Although there has been no official announcement, the word on the street is that Operation Waking Shark 2 took place yesterday – an exercise in which UK banks launched the most extensive cyber threat exercise in two years.
The exercise has been designed to test how prepared the the financial system is to survive a sustained online attack.
The test was to be monitored by the Bank of England, Treasury and Financial Conduct Authority to assess the ability of Britain’s core financial services providers (banks, the stock market and payment providers) to withstand attacks by cyber criminals as well as state sponsored attacks on the UK.
Every high street bank was expected to be take part in the one day "war game", simulating the impact of a major cyber-attack on the payments and market systems on which the UK’s financial system depends.
I’ve been chatting to quite a few people about Waking Shark 2 over the past few weeks.
Malwarebytes, is one security software company, believes the UK can learn a lot from the US banking industry in terms of DDoS protection.

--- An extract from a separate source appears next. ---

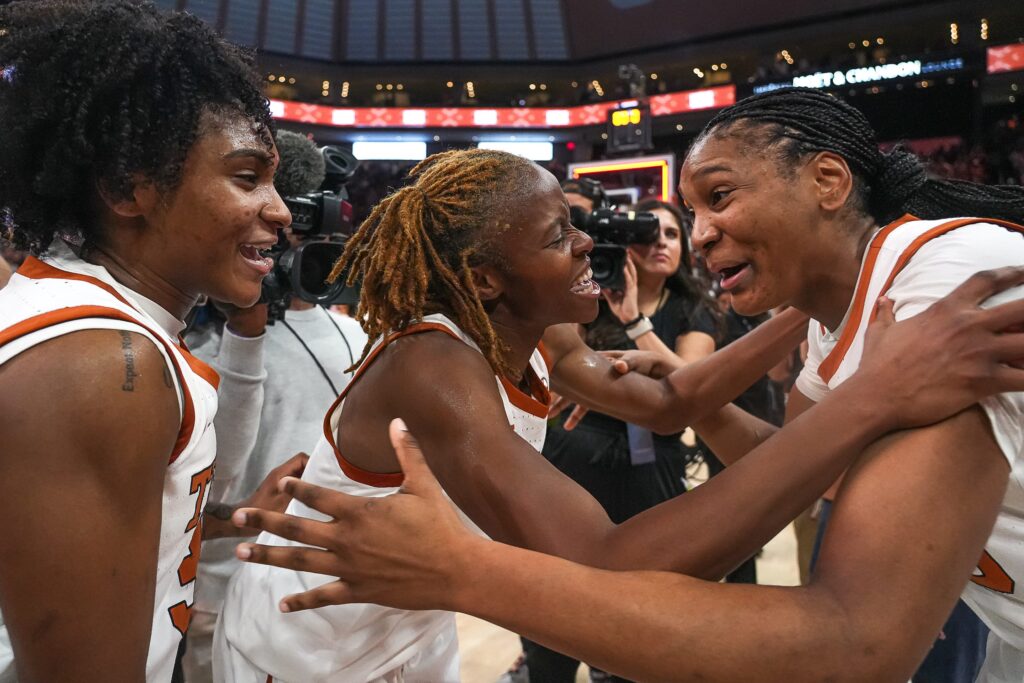 Texas guards Madison Booker, Bryanna Preston, and Rori Harmon celebrate a win earlier this month.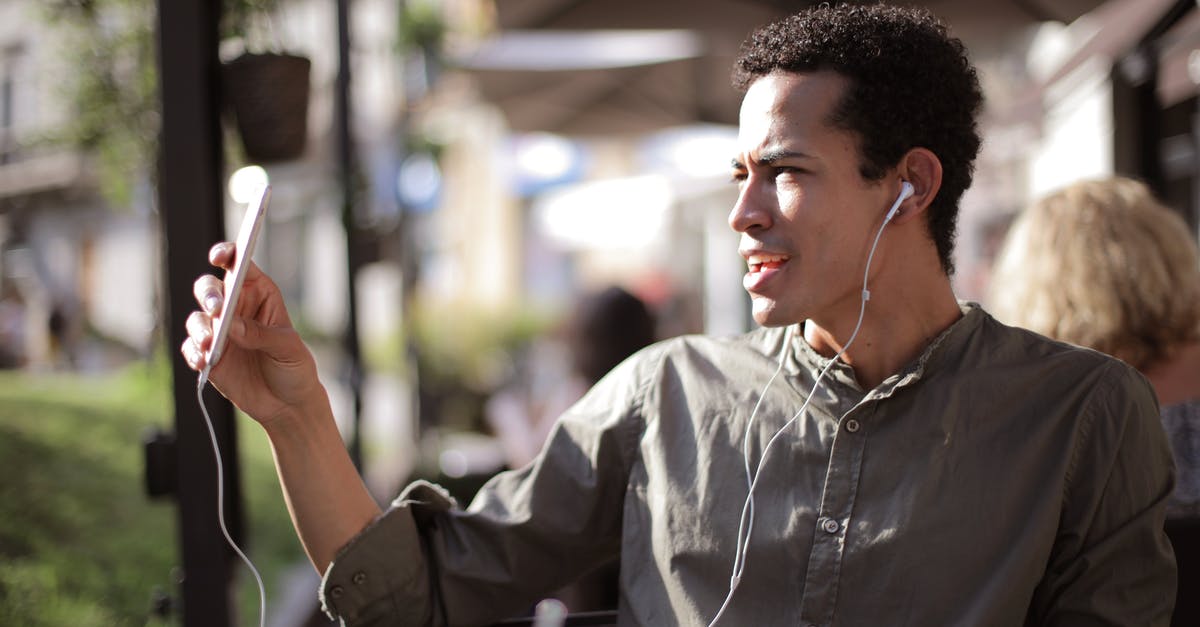 Internet access using mobile phone in Argentina - Side view of black male wearing summer shirt using smartphone for video chatting and sitting on outdoor terrace while communicating on social media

A spokesperson for the company said: "The UK banking industry can learn a lot from US Banks as they’ve been hit hard in terms of volume and intensity of attacks. The damage caused cannot be ignored as a few hours of outage can cost millions of dollars.
"To put it simply, the UK finance industry needs to pull together and take a joined-up approach. Trying to tackle such a large issue in isolation is never going to be as effective as a collaboration. US banks and other financial institutions have realised this and are working together effectively. It is good to see the UK following suit for the greater good."
John Yeo, EMEA director at Trustwave, said: "It is great to see financial institutions taking cyber security so seriously and actively encouraging organisations to take a proactive approach to tackling potential cyber threats.
"It would be interesting to know how the organisers of this test are defining ‘cyber-attacks’. The term is broad since attacks have different profiles and indicators, for example, whilst a Distributed Denial of Service (DDoS) attack is reasonably obvious when it strikes, customised malware is not and each different attack vector poses different challenges. With so many people and paper-based activity focusing on policies and procedures, this exercise may be more of a logistical planning exercise instead of a simulated practice run.
"What needs to be implemented are real world attack scenarios that truly test the businesses’ incident response plans. For example, it has been widely reported that the simulations may include how well firms can coordinate and communicate with one another, and how banks can ensure the availability of cash in ATMs.
"The more important issue is what are they communicating about, and what happens when an attack is more subversive, and not immediately obvious when it strikes? In our experience, the majority of organisations that suffer a breach do not realise for some time that they have been hit, let alone where the attack originated from, and how it works."
We’re keen to find out more about exactly what has been tested, if indeed the exercise did take place yesterday as rumored. And how prepared is the banking sector?
We’ll keep digging around and let you know what we come up with.